With pictures omitted, restate the data word for word.

§ **Supplied information**
┄┄┄┄┄┄┄┄┄┄
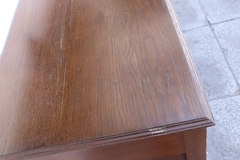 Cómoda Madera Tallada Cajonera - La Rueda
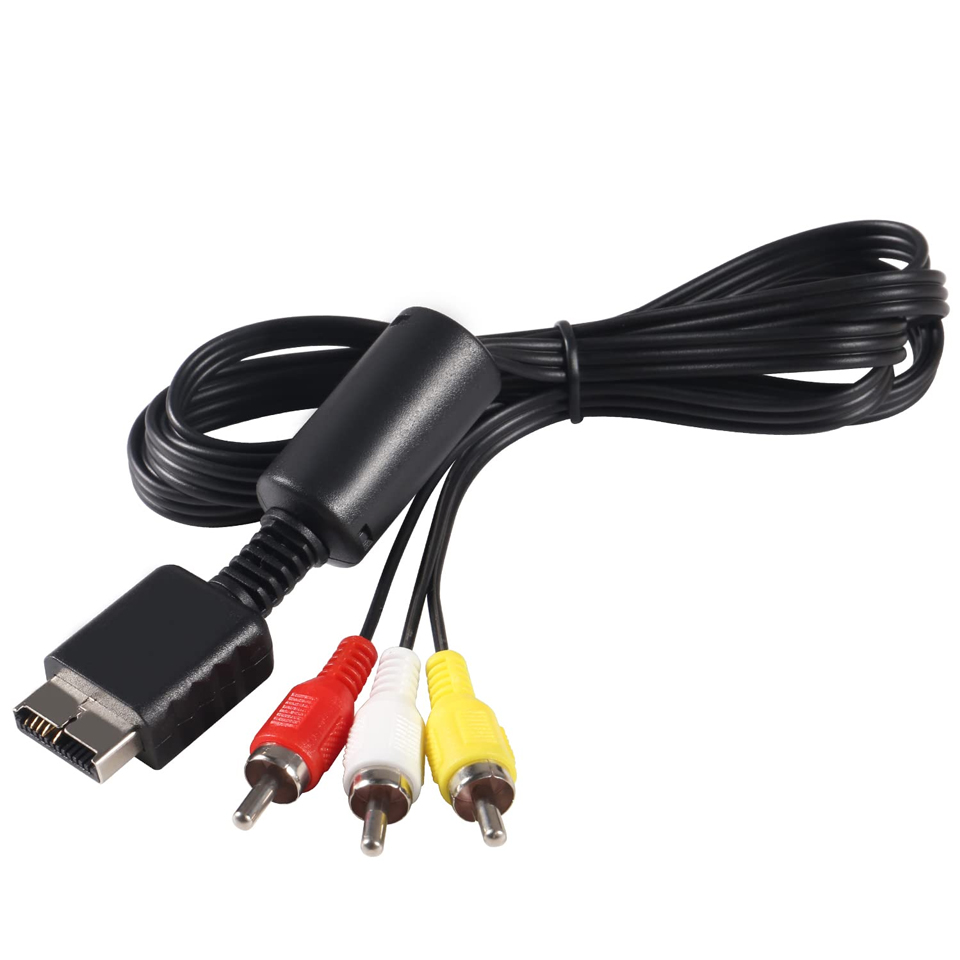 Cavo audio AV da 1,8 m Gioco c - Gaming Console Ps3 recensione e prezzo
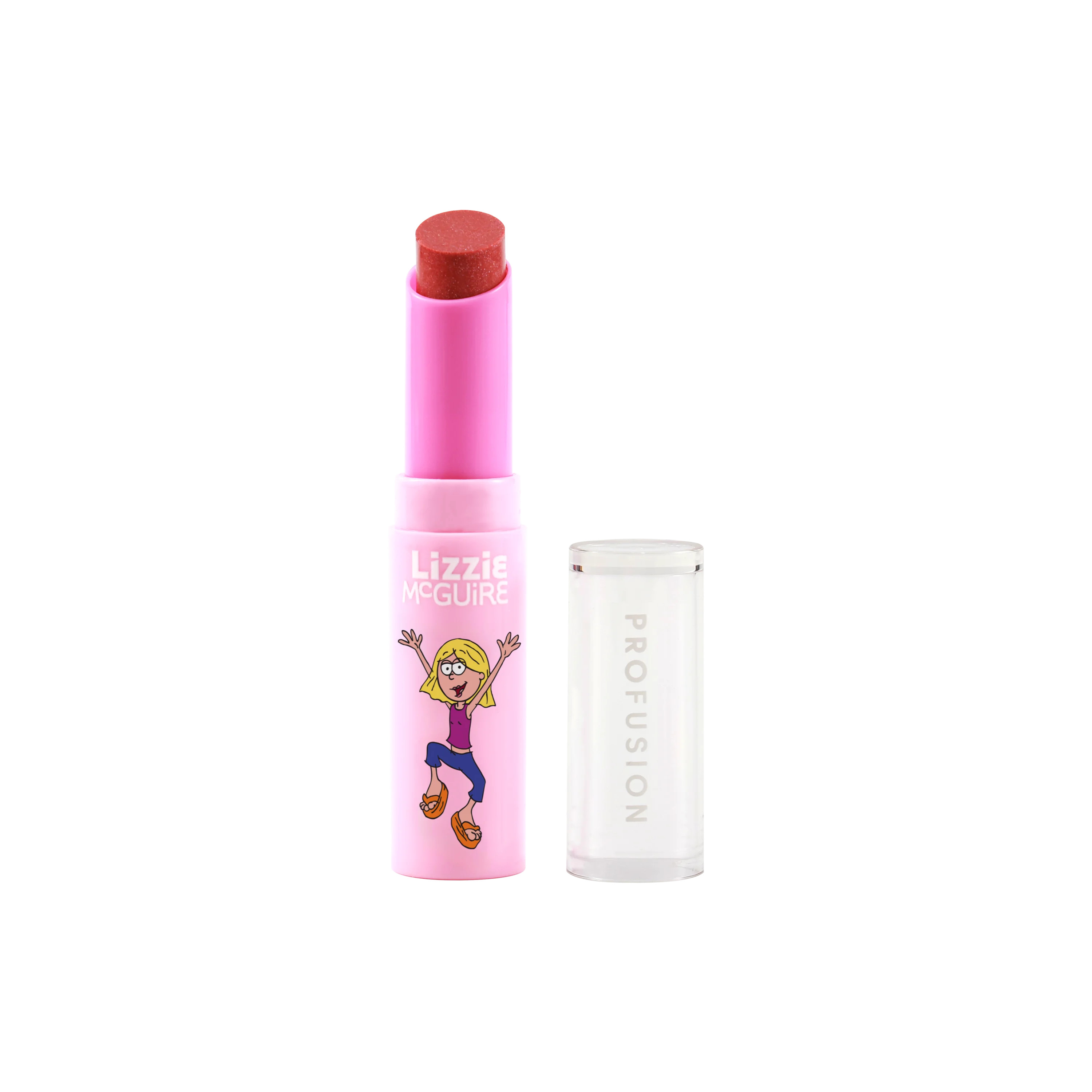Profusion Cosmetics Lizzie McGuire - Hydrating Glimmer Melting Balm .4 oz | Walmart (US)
┄┄┄┄┄┄┄┄┄┄
§ **Answer space**
 Cómoda Madera Tallada Cajonera - La Rueda
 Cavo audio AV da 1,8 m Gioco c - Gaming Console Ps3 recensione e prezzo
Profusion Cosmetics Lizzie McGuire - Hydrating Glimmer Melting Balm .4 oz | Walmart (US)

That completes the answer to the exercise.